It’s hard not to get excited about playing Star Wars: The Old Republic after watching the opening cinematic. Its stunning graphics, beautifully choreographed fight scenes, and powerful John Williams score promise all the excitement, drama, and charm of George Lucas’ iconic film series. Yet the game that follows is more of a mixed experience, delivering on most fronts, but leaving some significant weaknesses.

Old Republic is BioWare’s attempt to go toe to toe with World Of Warcraft creator Blizzard, and the game plays remarkably like a combination of the two companies’ products. It features all of WOW’s basic MMO mechanics, but with dialogue trees and companions similar to those found in Mass Effect or Dragon Age. Quests are often glossed over in MMOs, since it’s easy to skip reading why you have to kill 10 bandits, and just clicking “accept” and getting on with the carnage. The full voice acting and chance for your character to really participate in conversations elevates quests to a new level, even if the result is still that you have to go out and kill 10 bandits.

You collect companions as you go, with each class picking up different allies. They’ll be more effective if you build stronger relationships with them, through bribing them with gifts and taking actions they like. One particularly clever innovation puts crafting and gathering in your companions’ hands, so you never have to take a break from your heroic or villainous activities to stand around making gear. Companions also serve different combat roles, making it easier for any class to level up solo. That’s convenient, but also makes the game feel more like a RPG than a MMO.

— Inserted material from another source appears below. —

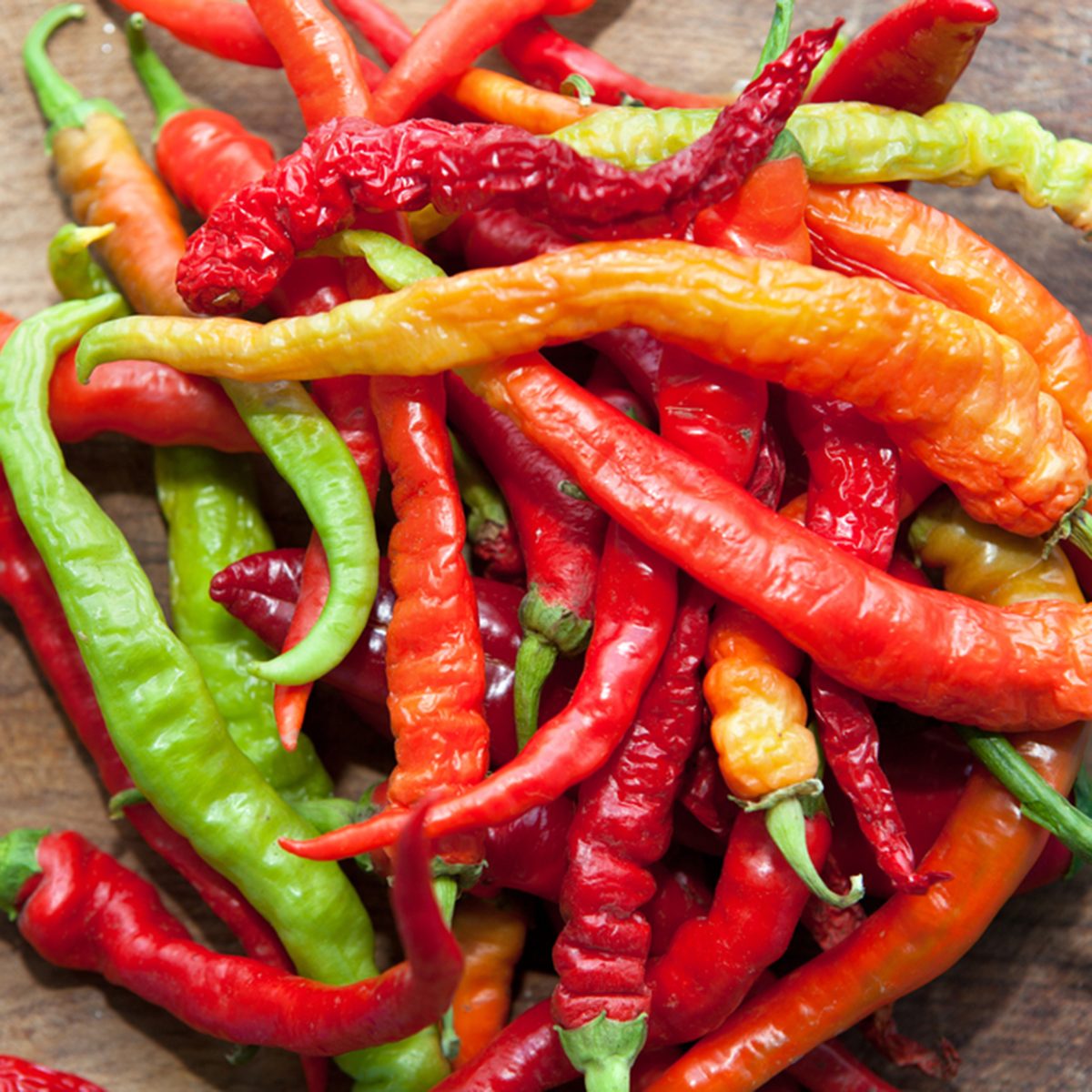 hot peppers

BioWare seems to be aware of the problem, since it created a social-point system that offers players rewards for grouping with others. There are plenty of opportunities to party up for group quests or Flashpoints, Old Republic’s version of dungeons. Dialogue and decision-making serve an important role in these as well, and while your honorable Jedi won’t be penalized for grouping with a smuggler who shoots first, some players may prefer to group with people who share their philosophy rather than just equivalent level and gear.

BioWare has always loved exploring questions of morality and choice, which is why it’s disappointing that Old Republic’s light-side and dark-side system favors seeing the world in black and white. There are tangible rewards for being strongly aligned with either side, making it disadvantageous to walk a balanced path, or even make the occasional dip to pursue a preferred outcome.

Another disappointment is the character design. The Star Wars universe is packed with a huge variety of weird-looking aliens, and players will encounter many of them in the game. But you’re relegated to playing races that would be more at home in Star Trek: humans with weird skin tones or other minor distinguishing features.

Old Republic had a clean launch for an MMO, but it still has significant bugs. The graphics look great most of the time, but occasionally you’ll wind up talking to empty chairs, or watching NPCs addressing an invisible character, who then abruptly pops back into view. Companions can turn in the results of a gathering mission, but they still don’t actually appear beside you until you get back into the fray.

Each class has its own deep storyline to follow all the way to a level cap. That element means leveling up alternate characters has far more value than just providing the chance to try a new class’ mechanics. But it also seems likely to create problems for BioWare moving forward. Blizzard has dominated the market by constantly adding new content to World Of Warcraft, but Old Republic is so story-driven that those regular updates could easily feel tacked-on. Old Republic already has an enthusiastic player base. The real test will be keeping players excited enough to keep their subscriptions going.